Corr Cronin Attorneys Win Injunction Recognizing Exception to the Washington Public Records Act Protecting Constitutional Rights of Association and Privacy

Mallory Bouchee Satre | December 6, 2017

Corr Cronin’s Steven Fogg, David Edwards, and Mallory Satre, serving as pro bono counsel in cooperation with Legal Voice and Stoel Rives, have obtained the re-issuance of a preliminary injunction protecting individuals from the release of their personally identifying information in response to a Washington Public Records Act request.  The John and Jane Doe Plaintiffs include researchers, health care workers, and employees of entities affiliated with the University of Washington’s Birth Defects Research Center.  The Does filed a federal class-action lawsuit seeking an injunction to prevent the release of their names and personally identifying information to anti-abortion activists seeking documents related to fetal tissue research.  The Plaintiffs did not oppose release of the documents themselves, but objected to release of unredacted documents containing their personally identifying information (i.e. names and addresses).  U.S. District Judge James Robart’s order reissued a preliminary injunction that was first imposed in November 2016, allowing release of the records with redactions of the Plaintiffs’ personally identifying information.  Judge Robart’s ruling recognized exemptions to the Washington Public Records Act based on the Federal and Washington Constitutions, namely the rights of association and privacy.
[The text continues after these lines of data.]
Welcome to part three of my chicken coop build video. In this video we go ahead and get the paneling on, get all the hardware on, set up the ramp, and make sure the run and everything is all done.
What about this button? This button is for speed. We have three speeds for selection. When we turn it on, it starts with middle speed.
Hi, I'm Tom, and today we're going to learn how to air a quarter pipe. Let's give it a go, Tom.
Right of Association – Judge Robart found Plaintiffs provided sufficient evidence showing that disclosure of personally identifying information would violate the Plaintiffs’ rights of association and expressive activity under the Washington and Federal Constitutions.  The Plaintiffs are associated with entities that advocate for or engage in women’s reproductive health services and fetal tissue research.  The Court found that associational rights extend not only to the actual underlying advocacy or research taking place, but to those individuals providing administrative or staff support.  As support is inseparable from the First Amendment protected activity of the organizations being supported, Plaintiffs are entitled to the same First Amendment protections as the organizations for which they work.  The Court found that this associational right was in need of protection in this case because Plaintiffs provided ample evidence of the past and present threats and harassment they face due to their associational ties with the organizations at issue.
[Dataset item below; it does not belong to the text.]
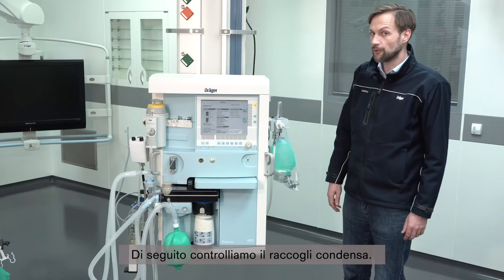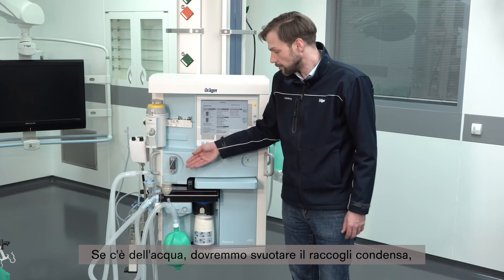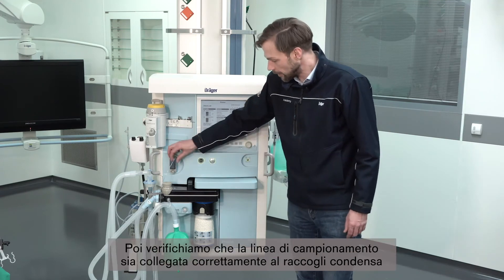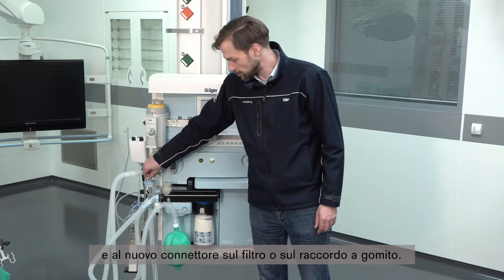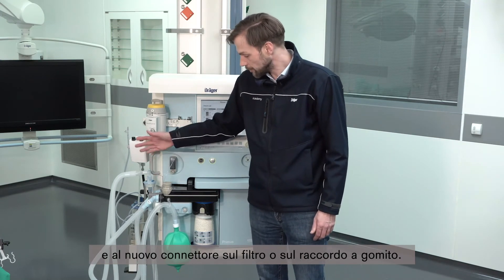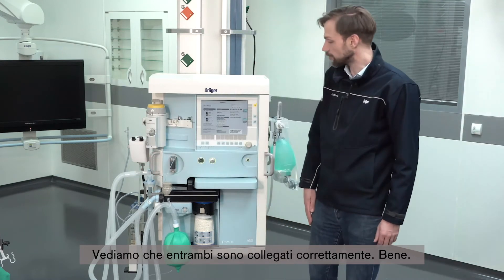Next we should check the water trap. If there is any water in the water trap, we should empty it while we have the time. Then check that the sample line is connected correctly to the water trap and to the connector on the filter or elbow, and that both are correctly connected.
Right to Privacy – Judge Robart also found that the redaction of Plaintiffs’ personally identifying information was required by the privacy protections in article 1, section 7 of the Washington State Constitution.  Pursuant to this provision, the Plaintiffs are entitled to an expectation of privacy in their personally identifying information if it could be reasonably expected that release of this information in this context would subject the Plaintiffs to threats, harassment, and greater harms.  Although the law sometimes allows an intrusion on privacy if there is a countervailing need, the Court found an intrusion was not justified here.  The purpose of the Washington Public Records Act is to provide broad access to public records to ensure government accountability, and disclosure of the Plaintiffs’ personally identifying information would not assist the public in monitoring the government.  The Court therefore held that the Plaintiffs have a constitutionally protected expectation of privacy in their personally identifying information in this circumstance.